Diversification, Allocation, and Rebalancing
Feeling some jitters about the roller-coaster stock market? This week’s Yahoo!Finance column discusses why, once you figure out an allocation strategy for your investments, the best move is to do nothing at all.
What follows is a how-to for novice investors who don’t understand how portfolio allocation works.
Allocation is a tool based on the old adage “don’t put your eggs in one basket.” When you’re contributing to a 401(k) or an Individual Retirement Account, your impulse may be to throw everything into a single mutual fund and be done with it forever.
But you need diversification—putting some of your investments in stocks and some in bonds—because this reduces the risk of losing money. The financial markets tend to move in cycles. Stocks may be up while bonds are down. Different types of stocks move in and out of favor as well: At one point, investors might be hot for small company stocks and their prices go up, while demand wanes for large-cap stocks, and they decline in price. Then it reverses. Or, foreign stocks become the rage.
The goal is to maintain a mix of stocks and bonds, so your portfolio is like a fleet of aircraft carriers, solidly navigating rough seas, rather than the Titanic, sunk by a single iceberg. Asset allocation spreads around your risk and smoothes out the ups and downs of your portfolio.
In 1990, Harry Markowitz won the Nobel Prize in economics. He developed a theory that suggests almost 92 percent of your investment returns come from asset allocation.
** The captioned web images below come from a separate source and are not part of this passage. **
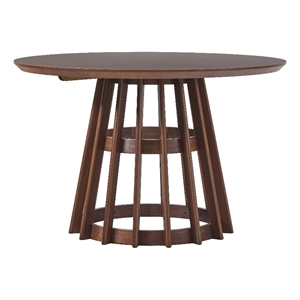 Pemberly Row Modern Slatted Wood Pedestal Base Dining Table 48&quot - Brown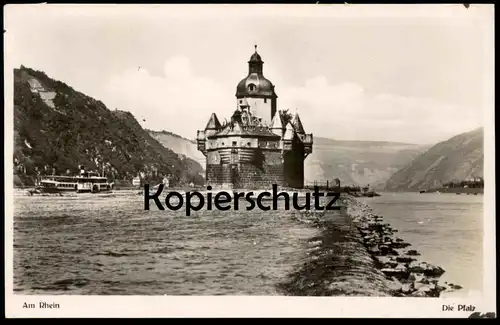 ALTE POSTKARTE AM RHEIN DIE PFALZ KAUB Dampfer Schiff ship St. Goarshausen Loreley cpa postcard Ansichtskarte AK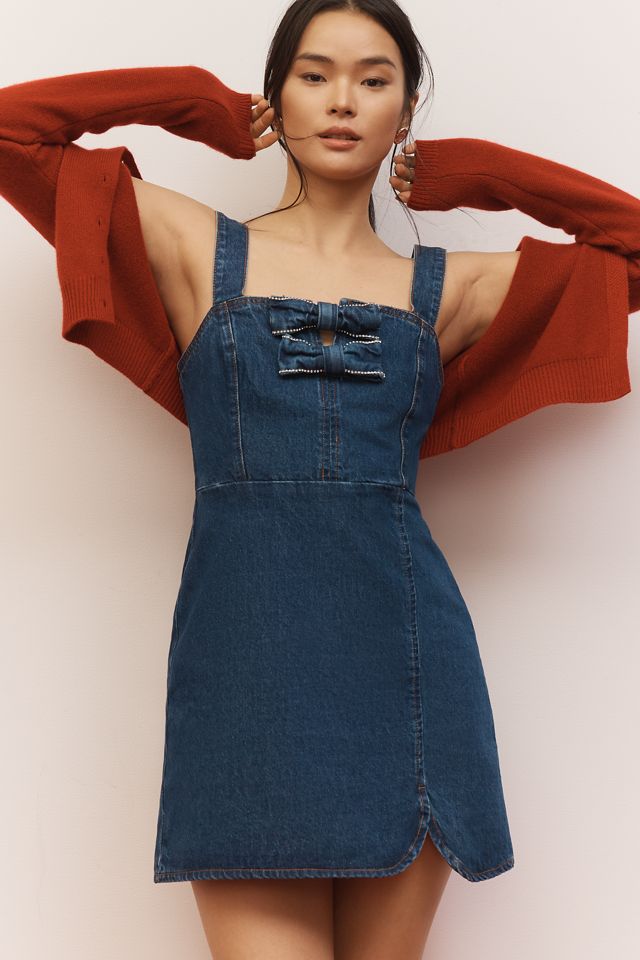 Endless Rose Square-Neck Bow Denim Mini Dress #3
In other words, the kinds of investments you choose are more important than the specific choices you make within each category.
A classic rule of thumb suggests you subtract your age from 100, and invest that amount in stocks, the rest in bonds. So if you’re 35, you should put at least 65 percent of your money in stocks. Personally, I always put more in stocks than that model suggests for my long-term goals, because I feel comfortable with the risk. I may end up disappointed, but I gotta be me!
Risk tolerance is a very individual decision. Once you decide how much of your portfolio you want to put in stocks, you need to choose among the mutual funds available. One classic scenario suggests your portfolio mimic the makeup of the market itself, by investing:
-70 percent of your stock allocation in a large-cap fund
-20 percent in mid-cap fund
-10 percent in a small-cap fund
Under this model, here is what a $10,000 investment would look like: -$2,500 in bonds-$7,500 in stock funds, with $5,250 (70 percent of stock allocation) in a large-cap fund; $1,500 (20 percent of stock allocation) in a mid-cap fund; and $750 (10 percent of stock allocation) in a small-cap fund
Investment advisors suggest you consider at least some exposure to stocks of companies outside the U.S. for more diversity. So of the portion of your portfolio allocated to stocks, you might consider investing:
-65 percent a large-cap fund
-15 percent in mid-cap fund
-10 percent in a small-cap fund
-10 percent in a fund that invests in foreign companies
In dollar terms, a $10,000 investment in this portfolio would look like this:
-$2,500 in bonds -$7,500 in stock funds, with $4,875 in a large-cap fund; $1,125 in a mid-cap fund; $750 in a small-cap fund; and $750 in a foreign fund. Within each of those categories (large, medium, small, foreign) you can choose growth or value styles of investing; growth funds tend to be more aggressive, and carry more risk.
Once you establish your allocation strategy you should revisit that strategy once a year—no more, no less, and realign your investments to reflect it. This is called rebalancing: It’s like driving down a highway, and your car begins to drift to one side or the other. You want to correct the steering and get yourself back in the center lane. If one of your funds has zoomed in value, it will now make up a bigger percentage of your overall portfolio than it did a year ago. You would sell some of that fund to return to your original allocation. You would take the proceeds from that sale and use it to buy more of the fund that has slipped below the original allocation.
Example: Original Allocation Strategy:
-70 percent in Snow White Large-Cap Fund
-20 percent in Bashful Mid-Cap Fund
-10 percent in Happy Small-Cap Fund
Twelve months later, the funds rise or fall in value; you now have:
-75 percent in Snow White Large-Cap Fund
-20 percent in Bashful Mid-Cap Fund; and
-5 percent in Happy Small-Cap Fund
To rebalance at the end of the year, you would sell 5 percent of the Snow White Large-Cap fund, and buy 5 percent of the Happy Small-Cap Fund.
You may have heard the classic investment phrase “buy low, sell high.” It simply means you should invest in assets when they are low in price, and sell them when the price goes up. Unfortunately, many investors often do the opposite—they see the price of stocks decline and they panic and sell. Or they notice that everyone is buying a certain kind of stock, and they all pile in after one another. But you want to be the investor who is buying when everyone else is panicking and selling; and selling when everyone else is caught up in a buying frenzy.
This takes a tremendous amount of discipline, and a realization that you’re in this for the long haul. Choosing an allocation strategy and sticking with it by rebalancing once a year helps you stay the course, and shelter your investments from your emotional reaction to what’s happening in the market.